===== Records for this exercise =====

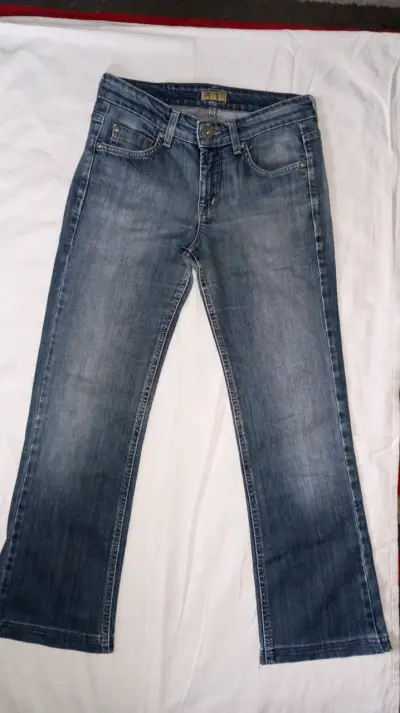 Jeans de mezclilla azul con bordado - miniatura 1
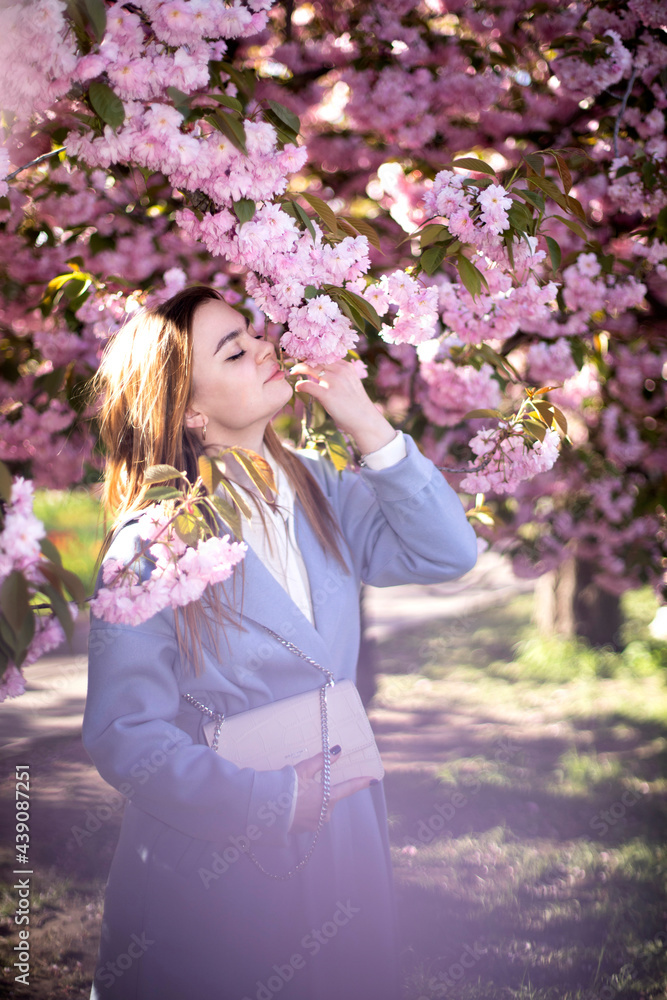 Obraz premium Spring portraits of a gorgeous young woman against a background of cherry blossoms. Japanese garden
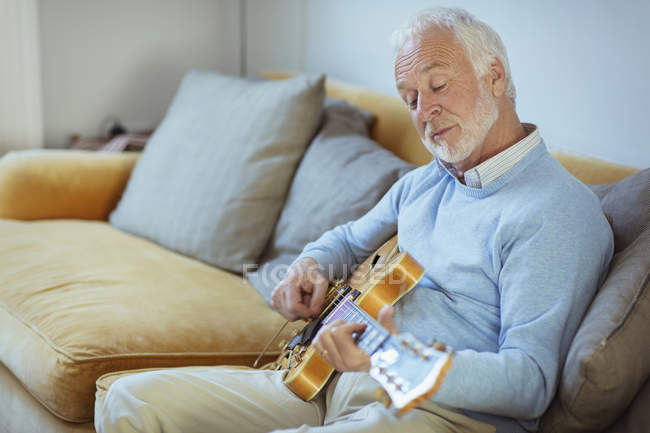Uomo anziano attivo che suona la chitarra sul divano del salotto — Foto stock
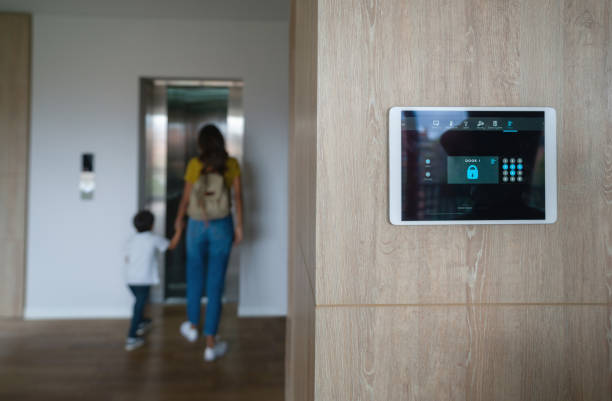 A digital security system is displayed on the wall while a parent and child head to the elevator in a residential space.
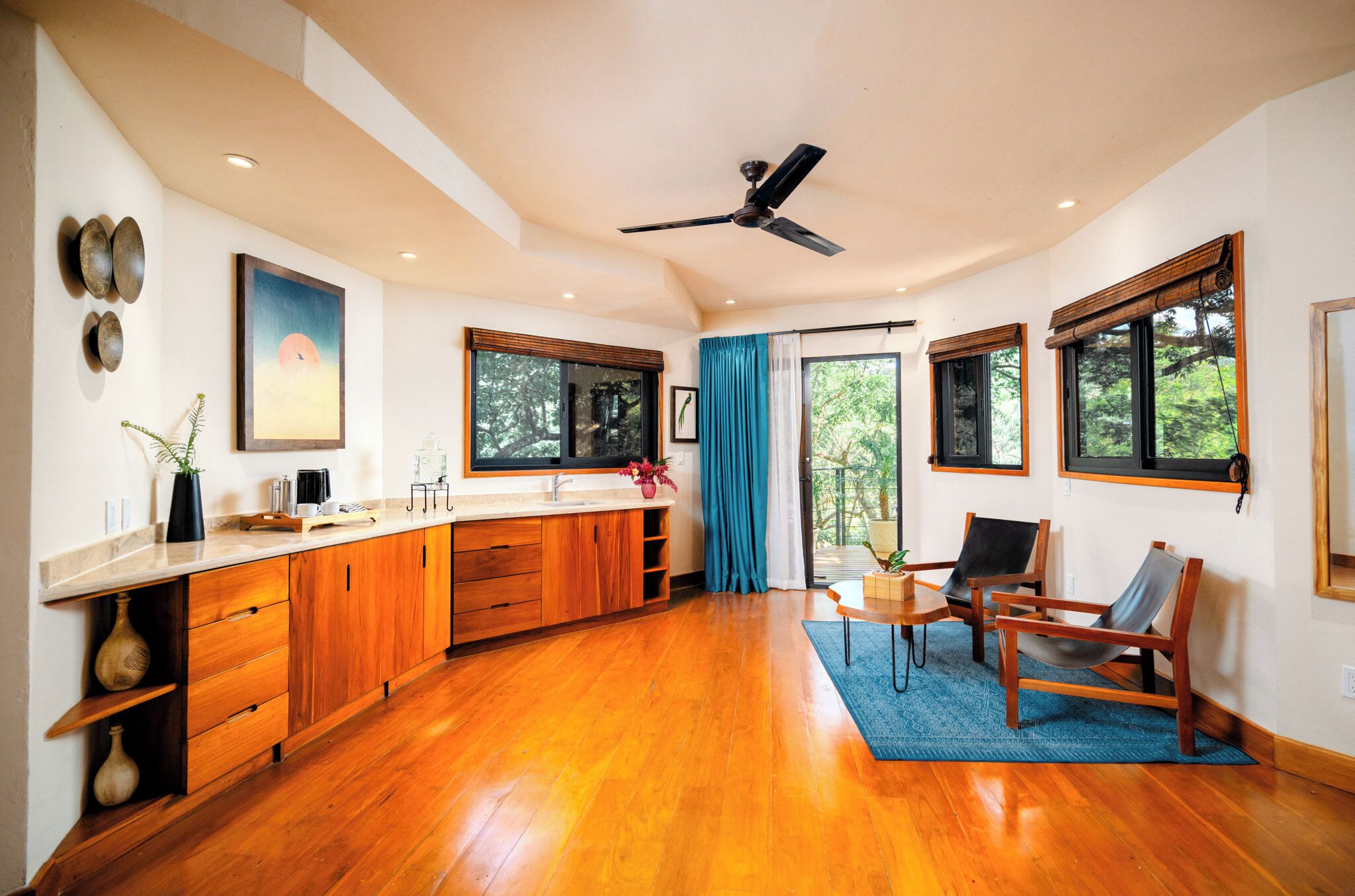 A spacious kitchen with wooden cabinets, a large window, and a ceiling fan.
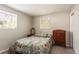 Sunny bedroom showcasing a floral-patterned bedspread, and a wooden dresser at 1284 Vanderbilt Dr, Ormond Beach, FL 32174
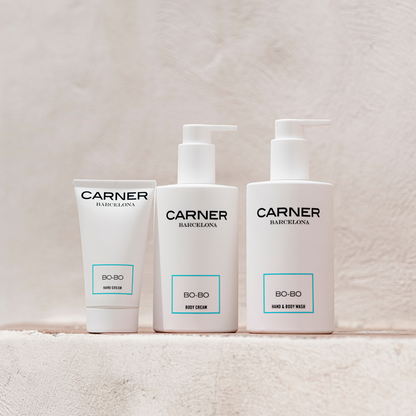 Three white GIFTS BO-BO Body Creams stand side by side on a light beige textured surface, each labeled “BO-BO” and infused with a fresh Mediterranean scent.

=====

▶ What to do:
Reproduce each entry exactly as given; no pictures, please.

▶ Result for this exercise:
 Jeans de mezclilla azul con bordado - miniatura 1
 Obraz premium Spring portraits of a gorgeous young woman against a background of cherry blossoms. Japanese garden
Uomo anziano attivo che suona la chitarra sul divano del salotto — Foto stock
 A digital security system is displayed on the wall while a parent and child head to the elevator in a residential space.
 A spacious kitchen with wooden cabinets, a large window, and a ceiling fan.
 Sunny bedroom showcasing a floral-patterned bedspread, and a wooden dresser at 1284 Vanderbilt Dr, Ormond Beach, FL 32174
 Three white GIFTS BO-BO Body Creams stand side by side on a light beige textured surface, each labeled “BO-BO” and infused with a fresh Mediterranean scent.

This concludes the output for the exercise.